Local newsNews

10 Random facts about Africa

JOBURG - Africa Day is observed on 25 May and is the commemoration of the founding of the Organisation of African Unity on this day in 1963.

The organisation was eventually replaced by the African Union in 2002.

Africa Day is also a celebration of African unity.

In honour of the day, get to know some random facts about this incredible continent.

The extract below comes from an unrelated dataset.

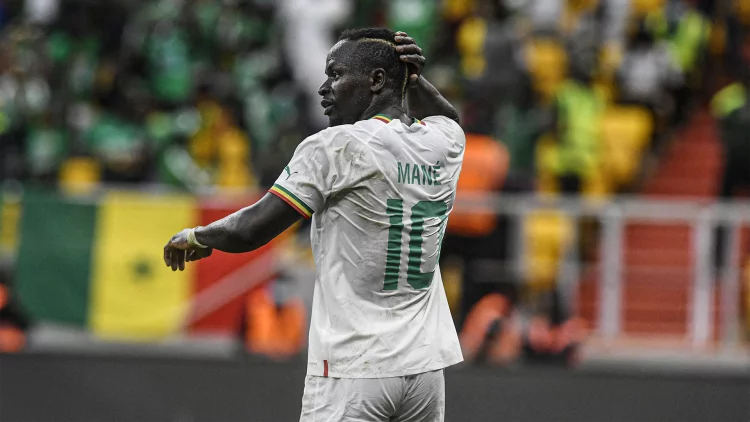 Bintang Senegal Sadio Mane Dikonfirmasi Absen Dari Piala Dunia 2022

  •  Africa is the most centrally located of all of the continents with both the prime meridian and the equator passing through it.
  •  While Africa makes up about 16 percent of the world’s population, one quarter of the world’s languages are spoken only in Africa.
  •  The largest country in Africa is Algeria with a total area of 2.5 million square kilometers and the smallest country is the island nation of The Seychelles with a total area of just 453 square kilometers.
  •  Four of the five fastest land animals reside in Africa, the cheetah, the wildebeest, the lion, and the Thomson’s gazelle.
  •  Africa is home to the world’s largest living land animal, the African elephant, which can weigh between six and seven tons.
  •  Ancient Greeks and Romans originally used the term “Africa” to apply only to the northern region of the continent. In Latin, the word Africa means “sunny” and the word Aphrike in Greek means “without cold”.
  •  Between 1525 and 1866, 12.5 million Africans were kidnapped and sold into slavery in the Americas.
  •  Only two African nations have never been under European colonial power. Liberia, an independent nation settled largely by African Americans and Ethiopia, an Orthodox Christian nation known in Europe as Abyssinia. The rest of the continent was colonised by European imperial powers in the nineteenth century in what was called the “scramble for Africa”.
  •  While Africa is the second largest of the earth’s seven continents, it has the shortest coastline, due to very few jutting edges and bays in its landscape.
  •  There are fewer people with Internet access in the entire continent of Africa than in New York City alone.